Problem:
Word for word, set down every line of the entries below from the line with "Snapshot of Tamil_devagi" to the line with "Antony Blinken e", including both, and no other line.

Data provided:
BEGIN

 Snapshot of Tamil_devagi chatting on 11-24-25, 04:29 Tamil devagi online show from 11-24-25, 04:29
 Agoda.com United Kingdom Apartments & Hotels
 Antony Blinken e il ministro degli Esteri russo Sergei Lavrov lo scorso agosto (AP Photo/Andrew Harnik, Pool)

END
BEGIN

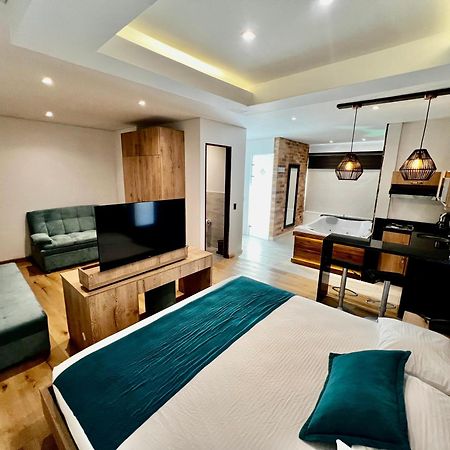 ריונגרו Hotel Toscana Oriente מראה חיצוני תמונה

END
BEGIN

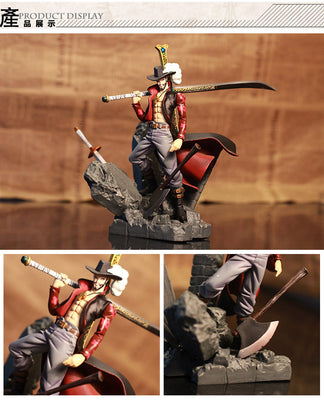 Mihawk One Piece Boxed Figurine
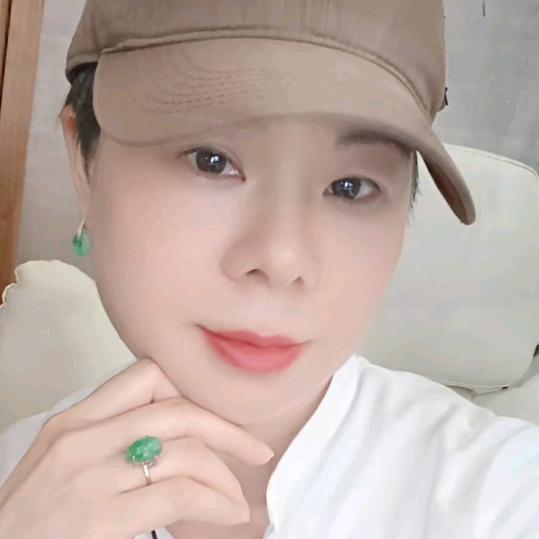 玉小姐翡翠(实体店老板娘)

END

Answer section:
 Snapshot of Tamil_devagi chatting on 11-24-25, 04:29 Tamil devagi online show from 11-24-25, 04:29
 Agoda.com United Kingdom Apartments & Hotels
 Antony Blinken e il ministro degli Esteri russo Sergei Lavrov lo scorso agosto (AP Photo/Andrew Harnik, Pool)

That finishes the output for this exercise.